◆ EXERCISE AIM
From the first line to the last, give the listing again exactly.

INFORMATION SUPPLIED START

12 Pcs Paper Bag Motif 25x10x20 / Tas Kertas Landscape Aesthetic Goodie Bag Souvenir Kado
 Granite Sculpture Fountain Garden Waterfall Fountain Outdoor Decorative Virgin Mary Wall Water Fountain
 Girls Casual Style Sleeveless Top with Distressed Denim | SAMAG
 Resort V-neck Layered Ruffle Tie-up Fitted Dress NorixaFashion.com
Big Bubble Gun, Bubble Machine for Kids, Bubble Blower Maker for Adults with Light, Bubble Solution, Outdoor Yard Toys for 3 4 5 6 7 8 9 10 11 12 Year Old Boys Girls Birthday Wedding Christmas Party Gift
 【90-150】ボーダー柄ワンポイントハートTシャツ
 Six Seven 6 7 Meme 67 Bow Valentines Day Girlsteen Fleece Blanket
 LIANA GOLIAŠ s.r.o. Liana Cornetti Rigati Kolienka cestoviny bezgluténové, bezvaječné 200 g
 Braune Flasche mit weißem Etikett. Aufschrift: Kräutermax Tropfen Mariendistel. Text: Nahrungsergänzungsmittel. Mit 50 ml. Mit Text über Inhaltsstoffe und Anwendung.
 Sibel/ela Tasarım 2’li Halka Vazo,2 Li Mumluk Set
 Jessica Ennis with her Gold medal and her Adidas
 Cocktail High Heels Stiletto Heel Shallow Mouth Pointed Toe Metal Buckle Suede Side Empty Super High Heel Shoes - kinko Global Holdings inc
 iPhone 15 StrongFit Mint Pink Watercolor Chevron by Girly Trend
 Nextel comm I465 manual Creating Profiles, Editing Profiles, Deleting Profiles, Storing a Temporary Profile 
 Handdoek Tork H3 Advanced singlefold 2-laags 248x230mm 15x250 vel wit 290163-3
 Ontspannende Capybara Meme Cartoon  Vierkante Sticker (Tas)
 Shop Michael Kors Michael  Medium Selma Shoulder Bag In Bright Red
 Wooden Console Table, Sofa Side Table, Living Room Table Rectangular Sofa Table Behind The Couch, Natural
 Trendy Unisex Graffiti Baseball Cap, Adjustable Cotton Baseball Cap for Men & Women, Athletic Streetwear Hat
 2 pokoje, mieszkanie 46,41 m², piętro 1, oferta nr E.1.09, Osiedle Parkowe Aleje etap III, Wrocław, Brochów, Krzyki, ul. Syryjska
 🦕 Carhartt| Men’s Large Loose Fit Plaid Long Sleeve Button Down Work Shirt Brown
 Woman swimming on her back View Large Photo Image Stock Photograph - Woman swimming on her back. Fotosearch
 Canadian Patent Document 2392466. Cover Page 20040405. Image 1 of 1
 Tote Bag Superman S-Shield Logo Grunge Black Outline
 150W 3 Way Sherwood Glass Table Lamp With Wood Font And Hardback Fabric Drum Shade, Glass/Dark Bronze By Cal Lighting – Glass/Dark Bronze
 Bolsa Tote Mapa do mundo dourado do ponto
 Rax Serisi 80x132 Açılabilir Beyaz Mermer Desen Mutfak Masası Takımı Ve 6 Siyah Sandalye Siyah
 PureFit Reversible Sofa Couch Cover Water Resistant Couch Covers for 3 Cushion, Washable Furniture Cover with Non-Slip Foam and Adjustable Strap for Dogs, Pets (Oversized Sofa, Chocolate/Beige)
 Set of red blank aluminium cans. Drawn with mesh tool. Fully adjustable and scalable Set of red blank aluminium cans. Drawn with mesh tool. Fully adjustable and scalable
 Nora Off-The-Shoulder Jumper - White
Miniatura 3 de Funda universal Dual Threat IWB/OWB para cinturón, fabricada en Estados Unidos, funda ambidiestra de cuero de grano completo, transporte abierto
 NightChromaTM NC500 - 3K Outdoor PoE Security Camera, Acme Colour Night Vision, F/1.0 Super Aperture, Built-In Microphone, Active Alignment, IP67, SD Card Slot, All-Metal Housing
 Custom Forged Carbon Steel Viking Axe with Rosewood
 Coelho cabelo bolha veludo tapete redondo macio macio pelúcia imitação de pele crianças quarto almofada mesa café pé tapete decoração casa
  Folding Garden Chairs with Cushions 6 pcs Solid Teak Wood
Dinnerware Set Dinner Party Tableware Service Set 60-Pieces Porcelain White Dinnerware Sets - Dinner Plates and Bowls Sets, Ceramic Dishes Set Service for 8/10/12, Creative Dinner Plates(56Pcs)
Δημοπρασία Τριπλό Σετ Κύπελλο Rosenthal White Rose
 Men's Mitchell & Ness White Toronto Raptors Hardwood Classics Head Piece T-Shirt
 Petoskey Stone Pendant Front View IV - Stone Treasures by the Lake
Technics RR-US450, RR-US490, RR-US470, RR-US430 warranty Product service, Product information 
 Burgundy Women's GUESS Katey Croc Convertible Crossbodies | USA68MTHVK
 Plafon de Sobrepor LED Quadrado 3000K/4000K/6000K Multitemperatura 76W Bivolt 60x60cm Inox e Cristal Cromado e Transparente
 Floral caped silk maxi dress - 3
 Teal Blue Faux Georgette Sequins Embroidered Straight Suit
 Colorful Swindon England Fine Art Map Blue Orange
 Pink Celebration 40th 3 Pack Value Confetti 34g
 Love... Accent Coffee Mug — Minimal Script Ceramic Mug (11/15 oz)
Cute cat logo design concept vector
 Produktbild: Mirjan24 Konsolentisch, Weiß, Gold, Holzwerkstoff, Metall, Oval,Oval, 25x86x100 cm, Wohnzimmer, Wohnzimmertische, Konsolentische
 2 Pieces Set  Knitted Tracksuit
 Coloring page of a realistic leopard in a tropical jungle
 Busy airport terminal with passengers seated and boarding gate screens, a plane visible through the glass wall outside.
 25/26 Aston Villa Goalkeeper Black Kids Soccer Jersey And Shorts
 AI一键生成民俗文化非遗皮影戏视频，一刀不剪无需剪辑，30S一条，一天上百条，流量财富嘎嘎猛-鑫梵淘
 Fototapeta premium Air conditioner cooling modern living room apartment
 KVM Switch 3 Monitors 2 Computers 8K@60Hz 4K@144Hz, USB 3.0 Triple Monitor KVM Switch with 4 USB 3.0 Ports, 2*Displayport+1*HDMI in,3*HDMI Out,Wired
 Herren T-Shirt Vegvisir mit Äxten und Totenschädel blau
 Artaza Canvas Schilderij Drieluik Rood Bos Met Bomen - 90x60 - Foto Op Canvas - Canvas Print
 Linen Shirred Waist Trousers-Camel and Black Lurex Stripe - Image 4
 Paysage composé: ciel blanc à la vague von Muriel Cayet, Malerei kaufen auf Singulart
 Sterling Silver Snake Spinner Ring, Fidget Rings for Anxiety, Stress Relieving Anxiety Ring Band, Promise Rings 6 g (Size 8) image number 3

INFORMATION SUPPLIED END

◆ WRITTEN REPLY
12 Pcs Paper Bag Motif 25x10x20 / Tas Kertas Landscape Aesthetic Goodie Bag Souvenir Kado
 Granite Sculpture Fountain Garden Waterfall Fountain Outdoor Decorative Virgin Mary Wall Water Fountain
 Girls Casual Style Sleeveless Top with Distressed Denim | SAMAG
 Resort V-neck Layered Ruffle Tie-up Fitted Dress NorixaFashion.com
Big Bubble Gun, Bubble Machine for Kids, Bubble Blower Maker for Adults with Light, Bubble Solution, Outdoor Yard Toys for 3 4 5 6 7 8 9 10 11 12 Year Old Boys Girls Birthday Wedding Christmas Party Gift
 【90-150】ボーダー柄ワンポイントハートTシャツ
 Six Seven 6 7 Meme 67 Bow Valentines Day Girlsteen Fleece Blanket
 LIANA GOLIAŠ s.r.o. Liana Cornetti Rigati Kolienka cestoviny bezgluténové, bezvaječné 200 g
 Braune Flasche mit weißem Etikett. Aufschrift: Kräutermax Tropfen Mariendistel. Text: Nahrungsergänzungsmittel. Mit 50 ml. Mit Text über Inhaltsstoffe und Anwendung.
 Sibel/ela Tasarım 2’li Halka Vazo,2 Li Mumluk Set
 Jessica Ennis with her Gold medal and her Adidas
 Cocktail High Heels Stiletto Heel Shallow Mouth Pointed Toe Metal Buckle Suede Side Empty Super High Heel Shoes - kinko Global Holdings inc
 iPhone 15 StrongFit Mint Pink Watercolor Chevron by Girly Trend
 Nextel comm I465 manual Creating Profiles, Editing Profiles, Deleting Profiles, Storing a Temporary Profile 
 Handdoek Tork H3 Advanced singlefold 2-laags 248x230mm 15x250 vel wit 290163-3
 Ontspannende Capybara Meme Cartoon  Vierkante Sticker (Tas)
 Shop Michael Kors Michael  Medium Selma Shoulder Bag In Bright Red
 Wooden Console Table, Sofa Side Table, Living Room Table Rectangular Sofa Table Behind The Couch, Natural
 Trendy Unisex Graffiti Baseball Cap, Adjustable Cotton Baseball Cap for Men & Women, Athletic Streetwear Hat
 2 pokoje, mieszkanie 46,41 m², piętro 1, oferta nr E.1.09, Osiedle Parkowe Aleje etap III, Wrocław, Brochów, Krzyki, ul. Syryjska
 🦕 Carhartt| Men’s Large Loose Fit Plaid Long Sleeve Button Down Work Shirt Brown
 Woman swimming on her back View Large Photo Image Stock Photograph - Woman swimming on her back. Fotosearch
 Canadian Patent Document 2392466. Cover Page 20040405. Image 1 of 1
 Tote Bag Superman S-Shield Logo Grunge Black Outline
 150W 3 Way Sherwood Glass Table Lamp With Wood Font And Hardback Fabric Drum Shade, Glass/Dark Bronze By Cal Lighting – Glass/Dark Bronze
 Bolsa Tote Mapa do mundo dourado do ponto
 Rax Serisi 80x132 Açılabilir Beyaz Mermer Desen Mutfak Masası Takımı Ve 6 Siyah Sandalye Siyah
 PureFit Reversible Sofa Couch Cover Water Resistant Couch Covers for 3 Cushion, Washable Furniture Cover with Non-Slip Foam and Adjustable Strap for Dogs, Pets (Oversized Sofa, Chocolate/Beige)
 Set of red blank aluminium cans. Drawn with mesh tool. Fully adjustable and scalable Set of red blank aluminium cans. Drawn with mesh tool. Fully adjustable and scalable
 Nora Off-The-Shoulder Jumper - White
Miniatura 3 de Funda universal Dual Threat IWB/OWB para cinturón, fabricada en Estados Unidos, funda ambidiestra de cuero de grano completo, transporte abierto
 NightChromaTM NC500 - 3K Outdoor PoE Security Camera, Acme Colour Night Vision, F/1.0 Super Aperture, Built-In Microphone, Active Alignment, IP67, SD Card Slot, All-Metal Housing
 Custom Forged Carbon Steel Viking Axe with Rosewood
 Coelho cabelo bolha veludo tapete redondo macio macio pelúcia imitação de pele crianças quarto almofada mesa café pé tapete decoração casa
  Folding Garden Chairs with Cushions 6 pcs Solid Teak Wood
Dinnerware Set Dinner Party Tableware Service Set 60-Pieces Porcelain White Dinnerware Sets - Dinner Plates and Bowls Sets, Ceramic Dishes Set Service for 8/10/12, Creative Dinner Plates(56Pcs)
Δημοπρασία Τριπλό Σετ Κύπελλο Rosenthal White Rose
 Men's Mitchell & Ness White Toronto Raptors Hardwood Classics Head Piece T-Shirt
 Petoskey Stone Pendant Front View IV - Stone Treasures by the Lake
Technics RR-US450, RR-US490, RR-US470, RR-US430 warranty Product service, Product information 
 Burgundy Women's GUESS Katey Croc Convertible Crossbodies | USA68MTHVK
 Plafon de Sobrepor LED Quadrado 3000K/4000K/6000K Multitemperatura 76W Bivolt 60x60cm Inox e Cristal Cromado e Transparente
 Floral caped silk maxi dress - 3
 Teal Blue Faux Georgette Sequins Embroidered Straight Suit
 Colorful Swindon England Fine Art Map Blue Orange
 Pink Celebration 40th 3 Pack Value Confetti 34g
 Love... Accent Coffee Mug — Minimal Script Ceramic Mug (11/15 oz)
Cute cat logo design concept vector
 Produktbild: Mirjan24 Konsolentisch, Weiß, Gold, Holzwerkstoff, Metall, Oval,Oval, 25x86x100 cm, Wohnzimmer, Wohnzimmertische, Konsolentische
 2 Pieces Set  Knitted Tracksuit
 Coloring page of a realistic leopard in a tropical jungle
 Busy airport terminal with passengers seated and boarding gate screens, a plane visible through the glass wall outside.
 25/26 Aston Villa Goalkeeper Black Kids Soccer Jersey And Shorts
 AI一键生成民俗文化非遗皮影戏视频，一刀不剪无需剪辑，30S一条，一天上百条，流量财富嘎嘎猛-鑫梵淘
 Fototapeta premium Air conditioner cooling modern living room apartment
 KVM Switch 3 Monitors 2 Computers 8K@60Hz 4K@144Hz, USB 3.0 Triple Monitor KVM Switch with 4 USB 3.0 Ports, 2*Displayport+1*HDMI in,3*HDMI Out,Wired
 Herren T-Shirt Vegvisir mit Äxten und Totenschädel blau
 Artaza Canvas Schilderij Drieluik Rood Bos Met Bomen - 90x60 - Foto Op Canvas - Canvas Print
 Linen Shirred Waist Trousers-Camel and Black Lurex Stripe - Image 4
 Paysage composé: ciel blanc à la vague von Muriel Cayet, Malerei kaufen auf Singulart
 Sterling Silver Snake Spinner Ring, Fidget Rings for Anxiety, Stress Relieving Anxiety Ring Band, Promise Rings 6 g (Size 8) image number 3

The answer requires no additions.